In a few short years, we’ve gone from easily identifying AI content that featured superfluous fingers to images and videos that look shockingly realistic. How can we know what’s real in the age of AI? Google’s answer is SynthID, which it first demonstrated three years ago. The company says SynthID has since been used to label 100 billion images and videos, plus 60,000 years’ worth of audio. Those numbers are only going up now that SynthID is expanding beyond Google.

SynthID is not Google’s only AI labeling strategy. It’s also committed to the C2PA standard, which tags content with metadata describing how it was created. Google began using C2PA more prominently with its Pixel 10 smartphones. Photos taken with the Pixel 10 include metadata describing how they were processed. If a highly zoomed image includes generative elements, it gets an AI tag, too.

Google now says this same feature is coming to videos recorded on Pixel 8, 9, and 10 phones in an update in the coming weeks. It’s also adding C2PA scanning to Gemini, allowing the chatbot to explain a file’s providence based on the content labeling. This same capability will come to Chrome and Search in a few months.

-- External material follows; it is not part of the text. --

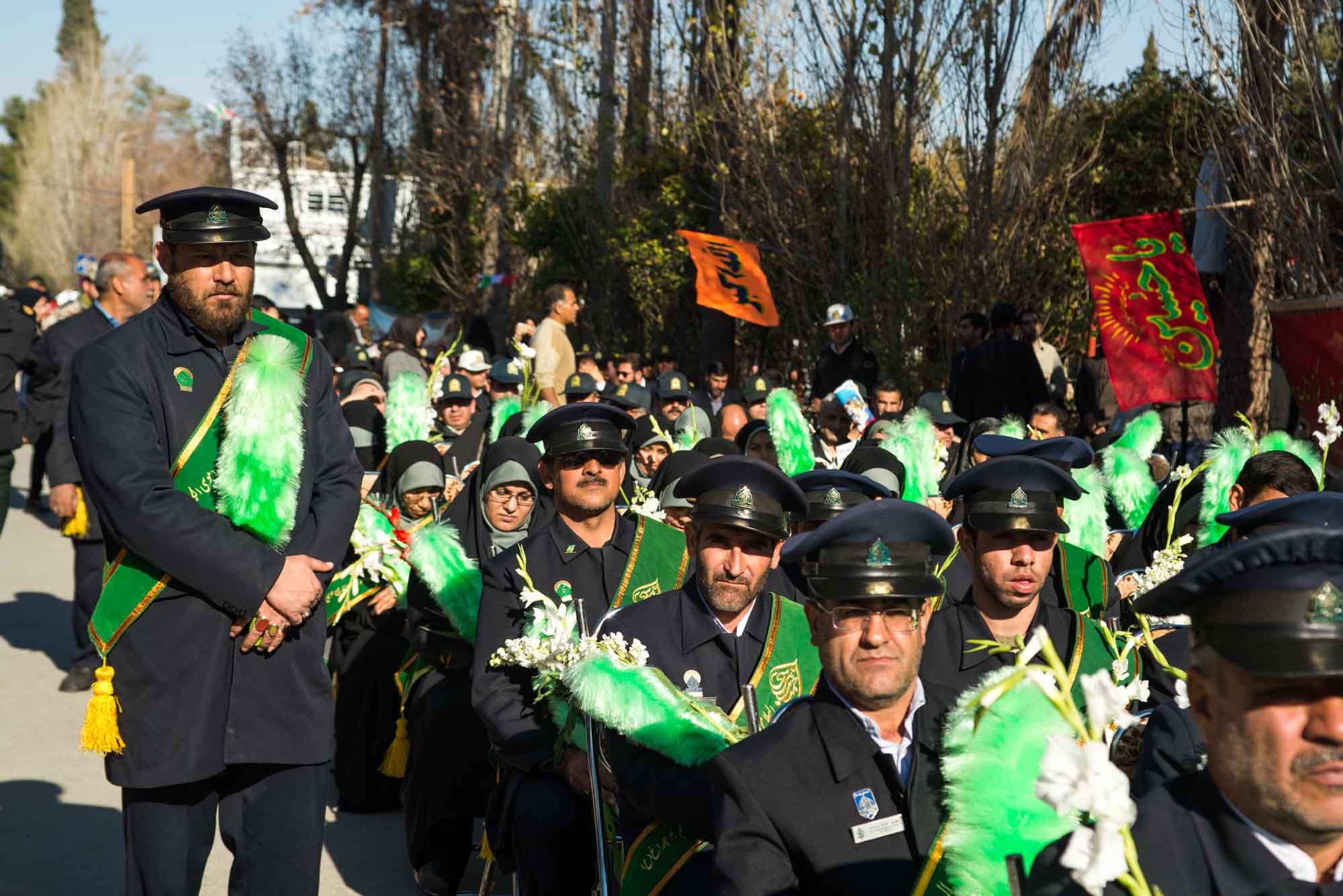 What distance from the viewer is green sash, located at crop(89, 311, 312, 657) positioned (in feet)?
12.1

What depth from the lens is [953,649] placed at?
4281 millimetres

That metadata is fungible, though. On the other hand, SynthID is deeply integrated with AI-generated content. The digital watermark is present in the pixels of images and videos and in the waveform of AI songs and audio overviews from products like NotebookLM. According to Google DeepMind scientist Pushmeet Kohli, the team worked hard to ensure SynthID is much harder to remove, even if you compress it, crop it, or rotate it.

“A technology like this will always be attacked,” said Kohli. “There was a lot of research that we did in making SynthID robust to different kinds of transformations.”